Correlation Between NMI Holdings and Liberty Broadband
Can any of the company-specific risk be diversified away by investing in both NMI Holdings and Liberty Broadband at the same time? Although using a correlation coefficient on its own may not help to predict future stock returns, this module helps to understand the diversifiable risk of combining NMI Holdings and Liberty Broadband into the same portfolio, which is an essential part of the fundamental portfolio management process.
By analyzing existing cross correlation between NMI Holdings and Liberty Broadband, you can compare the effects of market volatilities on NMI Holdings and Liberty Broadband and check how they will diversify away market risk if combined in the same portfolio for a given time horizon. You can also utilize pair trading strategies of matching a long position in NMI Holdings with a short position of Liberty Broadband. Check out your portfolio center. Please also check ongoing floating volatility patterns of NMI Holdings and Liberty Broadband.
Diversification Opportunities for NMI Holdings and Liberty Broadband
-0.37 | Correlation Coefficient |
Very good diversification
The 3 months correlation between NMI and Liberty is -0.37. Overlapping area represents the amount of risk that can be diversified away by holding NMI Holdings and Liberty Broadband in the same portfolio, assuming nothing else is changed. The correlation between historical prices or returns on Liberty Broadband and NMI Holdings is a relative statistical measure of the degree to which these equity instruments tend to move together. The correlation coefficient measures the extent to which returns on NMI Holdings are associated (or correlated) with Liberty Broadband. Values of the correlation coefficient range from -1 to +1, where. The correlation of zero (0) is possible when the price movement of Liberty Broadband has no effect on the direction of NMI Holdings i.e., NMI Holdings and Liberty Broadband go up and down completely randomly.
Pair Corralation between NMI Holdings and Liberty Broadband
Assuming the 90 days horizon NMI Holdings is expected to generate 0.66 times more return on investment than Liberty Broadband.

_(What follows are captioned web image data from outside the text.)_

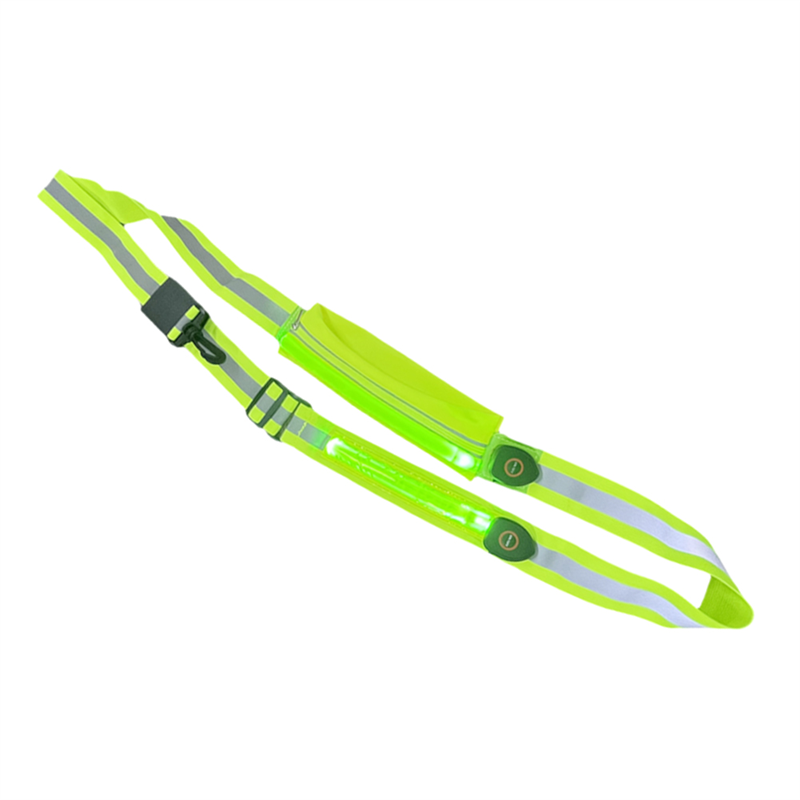 НОВЫЙ светодиодный светоотража – обзор и цена Running Visibility Gear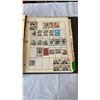 Image 8 : LARGE BINDER OF STAMPS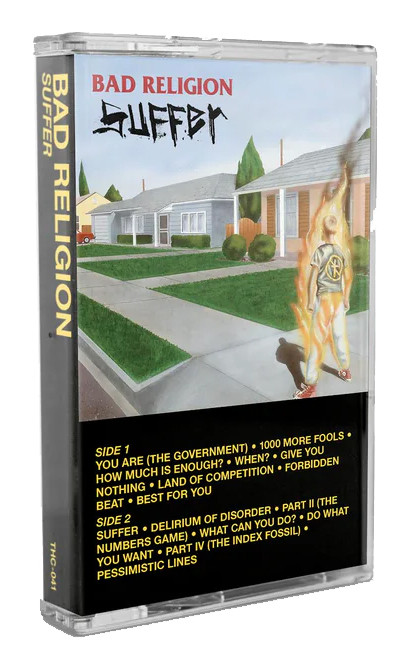 BAD RELIGION - Suffer CASSETTE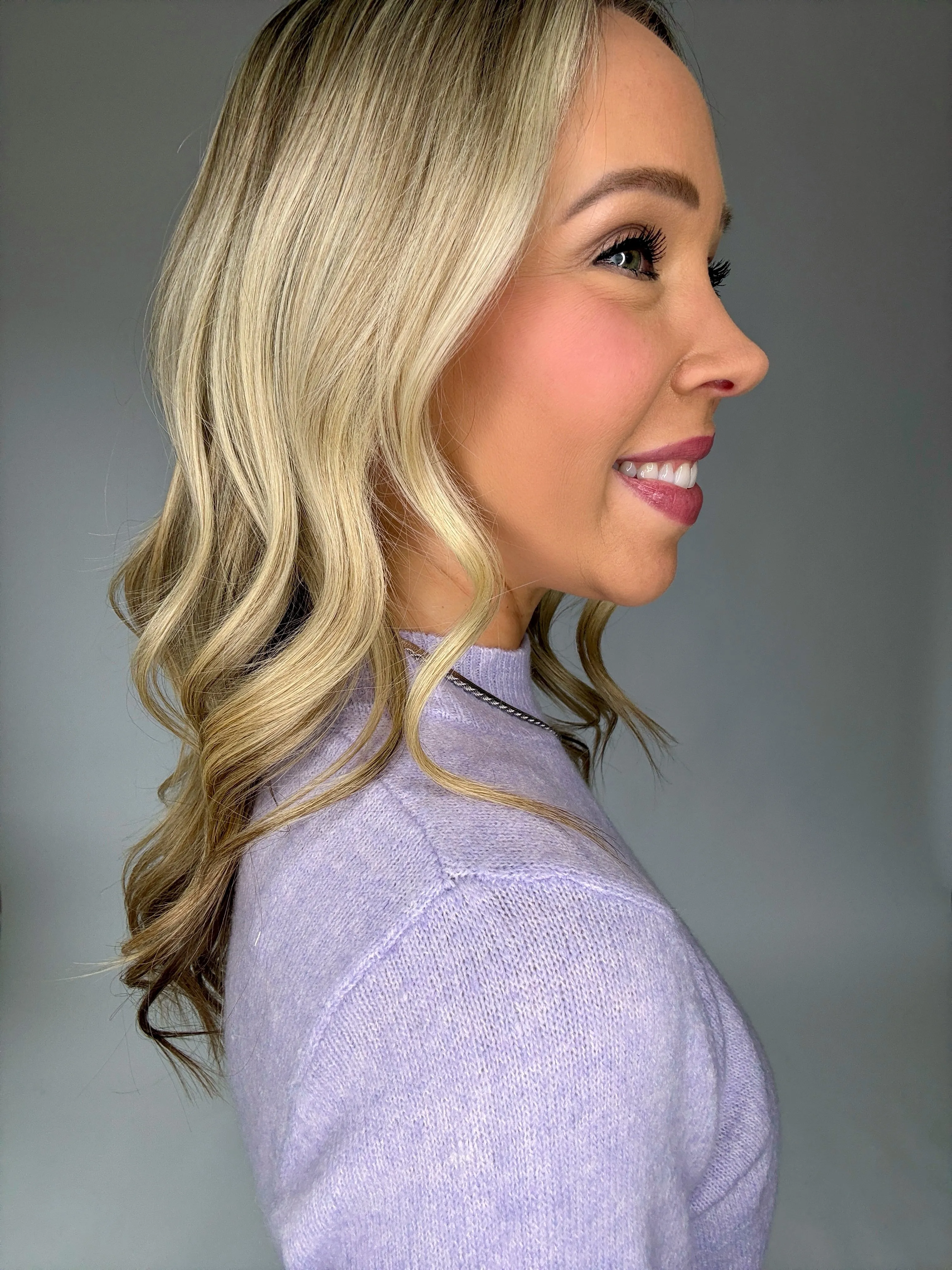 In The Moment Short Sleeve Sweater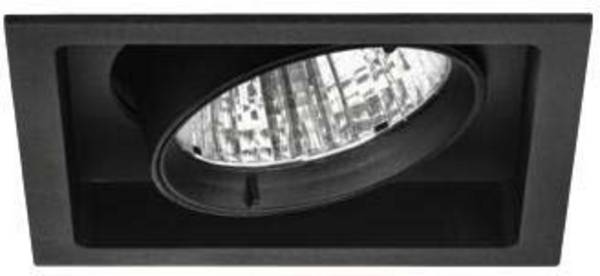 Brumberg 12583183 12583183 LED-Einbauleuchte   LED  40 W Schwarz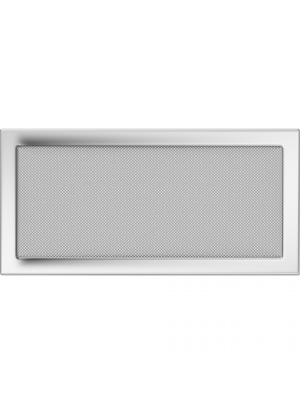 Вентиляційна решітка Kratki 22х45 см нікельована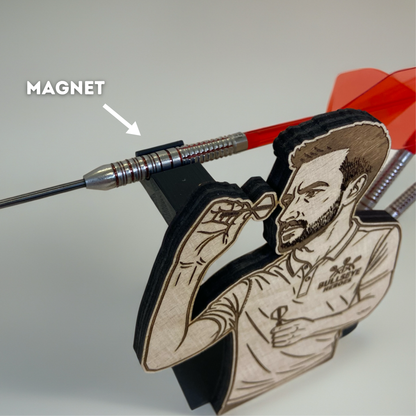 Dartshalter personalisierbar - Wurfedition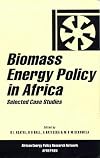Biomass energy policy in Africa : selected case studies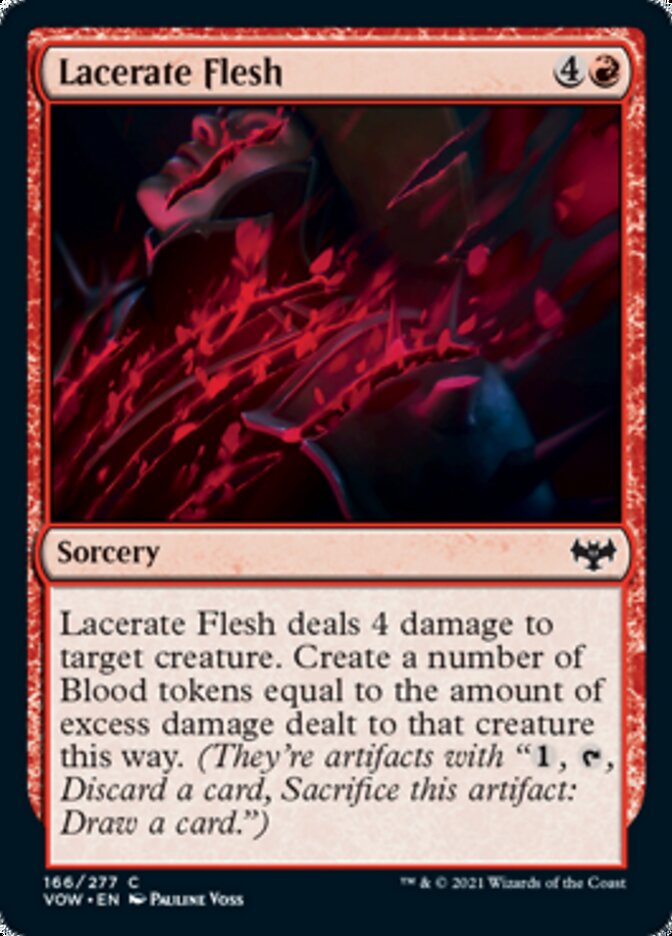 Lacerate Flesh [Innistrad: Crimson Vow] - Evolution TCG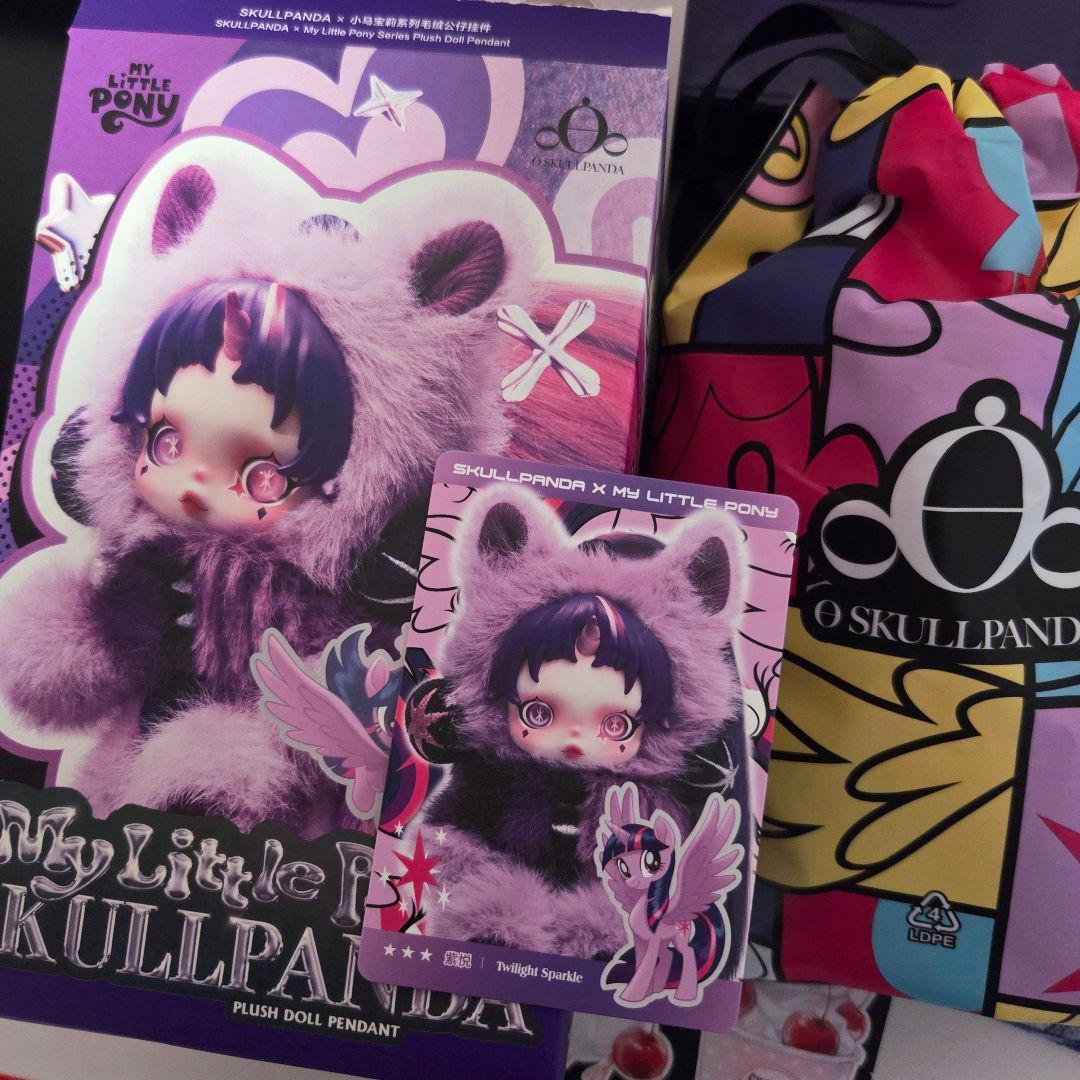 スカルパンダ × My Little Pony 3点セット - メルカリ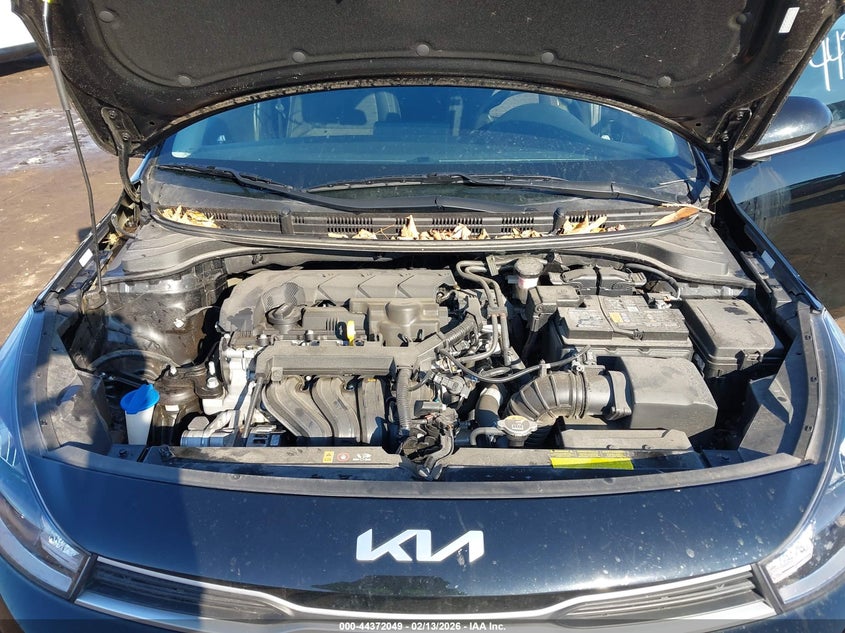 2023 Kia Rio Lx VIN: 3KPA24AD8PE613783 Lot: 44372049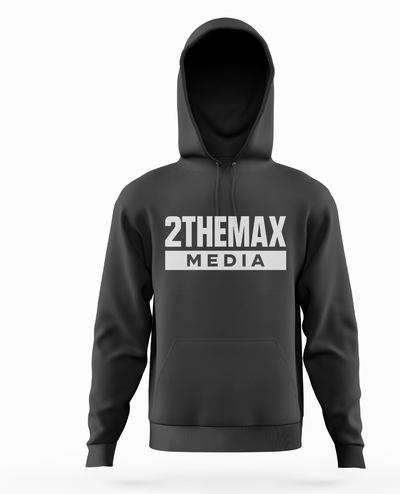 2 The Max Media "Text" Hooded Sweatshirt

However, NMI Holdings is 1.53 times less risky than Liberty Broadband. It trades about 0.1 of its potential returns per unit of risk. Liberty Broadband is currently generating about 0.01 per unit of risk. If you would invest 1,860 in NMI Holdings on September 1, 2024 and sell it today you would earn a total of 1,920 from holding NMI Holdings or generate 103.23% return on investment over 90 days.
Time Period | 3 Months [change] |
Direction | Moves Against |
Strength | Insignificant |
Accuracy | 100.0% |
Values | Daily Returns |
NMI Holdings vs. Liberty Broadband
Performance |
Timeline |
NMI Holdings |
Liberty Broadband |
NMI Holdings and Liberty Broadband Volatility Contrast
Predicted Return Density |
Returns |
Pair Trading with NMI Holdings and Liberty Broadband
The main advantage of trading using opposite NMI Holdings and Liberty Broadband positions is that it hedges away some unsystematic risk. Because of two separate transactions, even if NMI Holdings position performs unexpectedly, Liberty Broadband can make up some of the losses. Pair trading also minimizes risk from directional movements in the market. For example, if an entire industry or sector drops because of unexpected headlines, the short position in Liberty Broadband will offset losses from the drop in Liberty Broadband's long position.NMI Holdings vs. KIMBALL ELECTRONICS | NMI Holdings vs. UET United Electronic | NMI Holdings vs. BYD ELECTRONIC | NMI Holdings vs. Benchmark Electronics |
Liberty Broadband vs. Superior Plus Corp | Liberty Broadband vs. NMI Holdings | Liberty Broadband vs. Origin Agritech | Liberty Broadband vs. SIVERS SEMICONDUCTORS AB |
Check out your portfolio center.Note that this page's information should be used as a complementary analysis to find the right mix of equity instruments to add to your existing portfolios or create a brand new portfolio. You can also try the Alpha Finder module to use alpha and beta coefficients to find investment opportunities after accounting for the risk.